Let me try answering your queries one by one,

1) Going electrics for a beginner is indeed a wise option.  Psychologically, even though it is equally powerful to its glow counterparts, the fear factor is less becuase there is no sound!!  Secondly, the expenses for going electrics are cheaper till a 50 size aircraft.  Bigger than that, glow becomes cheaper.  Nowadays, high qulaity Lipos are available which would serve you faithfully for a long long time.  I learnt the electric way and even though I fly glow now and am also going to fly Gas engines, I still love and would keep loving my electric models.

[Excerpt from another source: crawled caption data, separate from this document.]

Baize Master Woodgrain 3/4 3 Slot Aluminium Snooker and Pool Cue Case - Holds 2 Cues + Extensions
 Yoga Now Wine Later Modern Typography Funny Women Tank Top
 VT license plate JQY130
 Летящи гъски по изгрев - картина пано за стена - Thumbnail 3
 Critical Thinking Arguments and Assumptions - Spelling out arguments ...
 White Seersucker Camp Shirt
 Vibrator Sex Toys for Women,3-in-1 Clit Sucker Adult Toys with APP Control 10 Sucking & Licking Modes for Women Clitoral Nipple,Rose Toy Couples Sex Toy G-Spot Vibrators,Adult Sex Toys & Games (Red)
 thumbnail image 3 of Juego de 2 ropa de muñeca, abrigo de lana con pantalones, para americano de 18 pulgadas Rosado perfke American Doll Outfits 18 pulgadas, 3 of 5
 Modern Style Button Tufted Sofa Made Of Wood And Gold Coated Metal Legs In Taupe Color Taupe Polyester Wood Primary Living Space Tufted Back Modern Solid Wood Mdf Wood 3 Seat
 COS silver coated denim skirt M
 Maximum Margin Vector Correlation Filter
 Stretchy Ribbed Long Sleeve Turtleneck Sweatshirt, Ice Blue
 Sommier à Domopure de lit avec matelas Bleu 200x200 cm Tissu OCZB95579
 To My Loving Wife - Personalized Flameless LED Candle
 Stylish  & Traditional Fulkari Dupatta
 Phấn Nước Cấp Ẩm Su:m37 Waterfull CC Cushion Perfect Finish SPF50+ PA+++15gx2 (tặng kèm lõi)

2) I would suggest you to invest your maximum possible amount onto this segment.  I am going to invest for a third time now on a radio.  Initially I bought a normal 4 channel analog radio and then felt the need to upgrade and bought a computerized 2.4Ghz 6 channel Dx6i radio.  Now I am feeling the necessity to upgrade to a 9 or 10 channel one for my 50cc YAK.  Always go in for a 7 channel or a 9 channel radio if you can afford it or atleast a 6 channel programmable radio like the Dx6i or the 6EX.  That should be your minimum level if you plan on pursuing this hobby seriously.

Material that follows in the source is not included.